Table 4 shows the processing time in seconds of our sequential and parallel implementations using the multi-core CPU (from 2C to 24C), and the GPU with ST and a different number of TPB (from 32 to 512) for large images, with \(\texttt {tol}=20\) and \(\texttt {tol}=5\). We fix the parameters \(\texttt {min\_d}=4\), \(\texttt {max\_d}=8\), and we use the \(D_3\) library. With these processing times, we compute the speedups shown in Fig. 2. The processing times with \(\texttt {tol}=20\) are smaller than with \(\texttt {tol}=5\) due to that there are a fewer number of ranges in the quadtree partition (see Fig. 1). Note that the speedup is higher when there are a bigger number of ranges in the quadtree partition. When \(\texttt {tol}=20\), the processing times and speedups using the multi-core CPU with 24C are better than those obtained using GPU with ST, ST-32, and ST-128. However, when we use the GPU with ST-512 for the Airport image, we obtain a speedup of \(10.43 \times\), which is better than the speedup of \(9.53 \times\) obtained by the multi-core CPU. On the other hand, when \(\texttt {tol}=5\), the processing times and speedups using the GPU with ST are better than those obtained using multi-core CPU with 2C; this behavior is noted with the processing times of ST-32, ST-128, and ST-512 compared with the 8C, 12C, and 24C, respectively. The best processing times and speedups are reached with the GPU ST-512, obtaining a speedup of \(24.45 \times\) for the Baboon image.

Table 4 Processing time in seconds of our sequential and parallel implementations in the server, using the \(D_3\) library for large images
Fig. 2
figure 2

Evaluation of speedups of our FICQP implementation, using the multi-core CPU (from 2C to 24C), and the GPU with streams and a different number of TPB (from 32 to 512) in the server: a with \(\texttt {tol}=20\); b with \(\texttt {tol}=5\)

6 Conclusions

In this paper, we presented new parallel implementations of fractal image compression using quadtree partition, with task parallelism over a multi-core CPU and dynamic parallelism over a GPU. We presented the compression and decompression results from standard images of \(256\times 256\), \(512\times 512\), and \(1024\times 1024\) pixels, considering the processing time, number of bits of information stored per pixel, and two quality measures.

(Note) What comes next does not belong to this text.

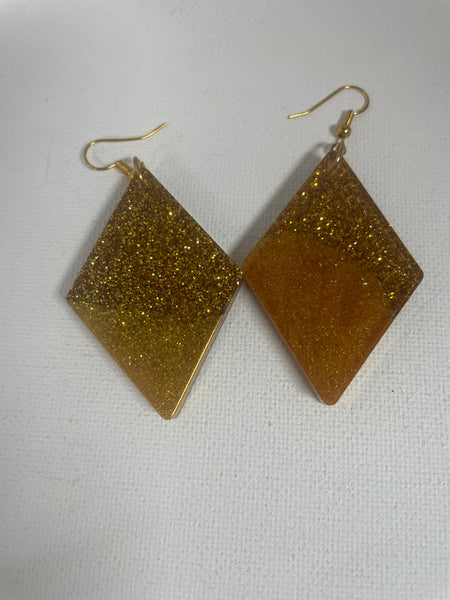 Resin Sparkle Earrings-Gold sparkle Diamond shape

The parallel implementation based on dynamic parallelism outperforms the speedup of the task parallelism, reaching the best speedups with our GPU ST-512 version. The best speedup with multi-core is approximately \(15 \times\), while with the GPU, the best speedup is approximately \(25 \times\). We observed that the speedup of our parallel implementations is higher when the quadtree partition has more small squares than bigger. The GPU implementation was improved by launching a set of threads per block inside each stream assigned to a recursive kernel function to parallelize the comparisons between a range and a set of domains.

We plan to apply and adapt these parallel implementations to compress color images and video as future work.